======== The records
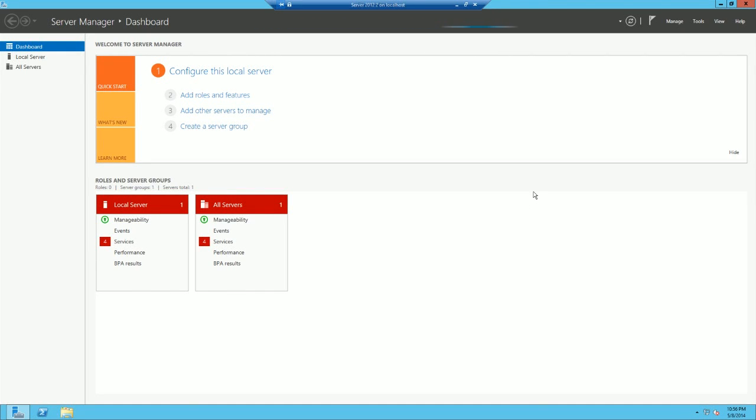Alright, today we're going to install Windows Server Update Services, otherwise known as WSUS in Windows Server 2012.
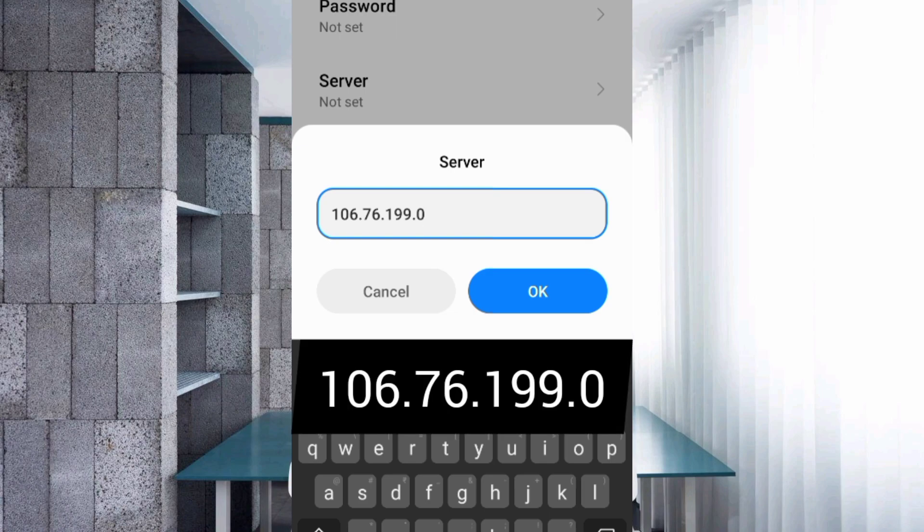For the Server field, enter: 106.76.199.0 — then tap OK.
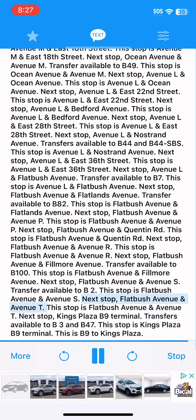Next stop, Flatbush Avenue and Avenue T. This stop is Flatbush Avenue and Avenue T. Next stop, Kings Plaza B9 Terminal. Transfers available to B3 and B47. This stop is Kings Plaza B9 Terminal. This is B9 to Kings Plaza.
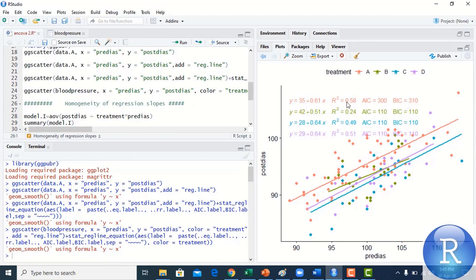We now have an aesthetic graph showing all four regression lines with R², AIC, and BIC values. The lines are approximately parallel, meaning the regression slopes are approximately equal and homogeneous. However, this is only a visualization — we must verify the homogeneity of regression slopes assumption with numeric results.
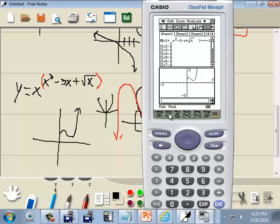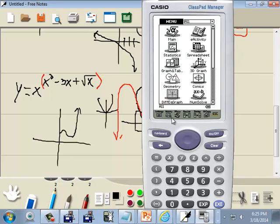Now to exit out of this, just press your menu, and it'll take you back to the home screen.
================
__Exercise description__
Each entry, word for word, belongs in your answer; each picture does not.

__Exercise output__
Alright, today we're going to install Windows Server Update Services, otherwise known as WSUS in Windows Server 2012.
For the Server field, enter: 106.76.199.0 — then tap OK.
Next stop, Flatbush Avenue and Avenue T. This stop is Flatbush Avenue and Avenue T. Next stop, Kings Plaza B9 Terminal. Transfers available to B3 and B47. This stop is Kings Plaza B9 Terminal. This is B9 to Kings Plaza.
We now have an aesthetic graph showing all four regression lines with R², AIC, and BIC values. The lines are approximately parallel, meaning the regression slopes are approximately equal and homogeneous. However, this is only a visualization — we must verify the homogeneity of regression slopes assumption with numeric results.
Now to exit out of this, just press your menu, and it'll take you back to the home screen.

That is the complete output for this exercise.